= Beginning of Section =

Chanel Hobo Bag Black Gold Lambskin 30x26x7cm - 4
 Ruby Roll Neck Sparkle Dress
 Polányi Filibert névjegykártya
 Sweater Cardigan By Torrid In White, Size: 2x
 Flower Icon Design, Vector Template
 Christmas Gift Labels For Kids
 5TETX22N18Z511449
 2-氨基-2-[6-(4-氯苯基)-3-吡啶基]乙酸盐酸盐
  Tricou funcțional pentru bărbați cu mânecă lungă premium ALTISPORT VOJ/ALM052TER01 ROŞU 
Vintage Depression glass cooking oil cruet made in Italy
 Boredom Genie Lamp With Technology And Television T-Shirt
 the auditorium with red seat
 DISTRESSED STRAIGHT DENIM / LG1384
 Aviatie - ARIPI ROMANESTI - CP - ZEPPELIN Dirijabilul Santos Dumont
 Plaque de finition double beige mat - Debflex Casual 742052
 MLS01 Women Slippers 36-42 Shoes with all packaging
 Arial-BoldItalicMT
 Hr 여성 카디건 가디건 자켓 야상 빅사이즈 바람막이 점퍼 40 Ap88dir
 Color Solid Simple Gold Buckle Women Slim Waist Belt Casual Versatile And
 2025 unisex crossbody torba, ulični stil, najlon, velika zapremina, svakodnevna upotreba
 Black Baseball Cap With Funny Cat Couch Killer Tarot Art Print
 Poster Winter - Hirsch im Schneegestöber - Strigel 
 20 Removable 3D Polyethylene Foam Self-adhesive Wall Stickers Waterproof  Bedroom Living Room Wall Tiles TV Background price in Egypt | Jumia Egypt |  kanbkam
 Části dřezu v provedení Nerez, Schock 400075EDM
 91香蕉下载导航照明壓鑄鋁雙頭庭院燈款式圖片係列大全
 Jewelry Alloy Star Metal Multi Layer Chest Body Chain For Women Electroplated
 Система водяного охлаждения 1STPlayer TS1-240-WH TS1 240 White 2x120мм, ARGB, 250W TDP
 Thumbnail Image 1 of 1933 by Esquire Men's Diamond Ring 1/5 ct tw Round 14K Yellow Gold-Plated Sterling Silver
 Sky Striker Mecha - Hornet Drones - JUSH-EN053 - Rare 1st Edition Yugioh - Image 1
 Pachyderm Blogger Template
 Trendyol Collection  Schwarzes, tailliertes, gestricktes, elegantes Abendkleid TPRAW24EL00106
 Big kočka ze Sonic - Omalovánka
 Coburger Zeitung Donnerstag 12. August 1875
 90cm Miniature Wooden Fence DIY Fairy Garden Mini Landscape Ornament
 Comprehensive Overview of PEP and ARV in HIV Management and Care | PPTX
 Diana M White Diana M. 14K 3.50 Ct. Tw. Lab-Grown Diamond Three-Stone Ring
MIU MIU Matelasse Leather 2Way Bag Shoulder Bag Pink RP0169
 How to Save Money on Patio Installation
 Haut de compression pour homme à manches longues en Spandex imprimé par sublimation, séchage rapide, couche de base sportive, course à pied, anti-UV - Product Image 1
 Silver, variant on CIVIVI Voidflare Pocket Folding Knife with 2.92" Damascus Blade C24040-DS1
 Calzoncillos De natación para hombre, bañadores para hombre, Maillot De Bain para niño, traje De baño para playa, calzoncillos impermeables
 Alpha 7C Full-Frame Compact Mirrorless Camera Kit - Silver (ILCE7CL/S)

= End of Section =

#### Prompt
Write the records out once more. Change nothing.

#### Result of the exercise
Chanel Hobo Bag Black Gold Lambskin 30x26x7cm - 4
 Ruby Roll Neck Sparkle Dress
 Polányi Filibert névjegykártya
 Sweater Cardigan By Torrid In White, Size: 2x
 Flower Icon Design, Vector Template
 Christmas Gift Labels For Kids
 5TETX22N18Z511449
 2-氨基-2-[6-(4-氯苯基)-3-吡啶基]乙酸盐酸盐
  Tricou funcțional pentru bărbați cu mânecă lungă premium ALTISPORT VOJ/ALM052TER01 ROŞU 
Vintage Depression glass cooking oil cruet made in Italy
 Boredom Genie Lamp With Technology And Television T-Shirt
 the auditorium with red seat
 DISTRESSED STRAIGHT DENIM / LG1384
 Aviatie - ARIPI ROMANESTI - CP - ZEPPELIN Dirijabilul Santos Dumont
 Plaque de finition double beige mat - Debflex Casual 742052
 MLS01 Women Slippers 36-42 Shoes with all packaging
 Arial-BoldItalicMT
 Hr 여성 카디건 가디건 자켓 야상 빅사이즈 바람막이 점퍼 40 Ap88dir
 Color Solid Simple Gold Buckle Women Slim Waist Belt Casual Versatile And
 2025 unisex crossbody torba, ulični stil, najlon, velika zapremina, svakodnevna upotreba
 Black Baseball Cap With Funny Cat Couch Killer Tarot Art Print
 Poster Winter - Hirsch im Schneegestöber - Strigel 
 20 Removable 3D Polyethylene Foam Self-adhesive Wall Stickers Waterproof  Bedroom Living Room Wall Tiles TV Background price in Egypt | Jumia Egypt |  kanbkam
 Části dřezu v provedení Nerez, Schock 400075EDM
 91香蕉下载导航照明壓鑄鋁雙頭庭院燈款式圖片係列大全
 Jewelry Alloy Star Metal Multi Layer Chest Body Chain For Women Electroplated
 Система водяного охлаждения 1STPlayer TS1-240-WH TS1 240 White 2x120мм, ARGB, 250W TDP
 Thumbnail Image 1 of 1933 by Esquire Men's Diamond Ring 1/5 ct tw Round 14K Yellow Gold-Plated Sterling Silver
 Sky Striker Mecha - Hornet Drones - JUSH-EN053 - Rare 1st Edition Yugioh - Image 1
 Pachyderm Blogger Template
 Trendyol Collection  Schwarzes, tailliertes, gestricktes, elegantes Abendkleid TPRAW24EL00106
 Big kočka ze Sonic - Omalovánka
 Coburger Zeitung Donnerstag 12. August 1875
 90cm Miniature Wooden Fence DIY Fairy Garden Mini Landscape Ornament
 Comprehensive Overview of PEP and ARV in HIV Management and Care | PPTX
 Diana M White Diana M. 14K 3.50 Ct. Tw. Lab-Grown Diamond Three-Stone Ring
MIU MIU Matelasse Leather 2Way Bag Shoulder Bag Pink RP0169
 How to Save Money on Patio Installation
 Haut de compression pour homme à manches longues en Spandex imprimé par sublimation, séchage rapide, couche de base sportive, course à pied, anti-UV - Product Image 1
 Silver, variant on CIVIVI Voidflare Pocket Folding Knife with 2.92" Damascus Blade C24040-DS1
 Calzoncillos De natación para hombre, bañadores para hombre, Maillot De Bain para niño, traje De baño para playa, calzoncillos impermeables
 Alpha 7C Full-Frame Compact Mirrorless Camera Kit - Silver (ILCE7CL/S)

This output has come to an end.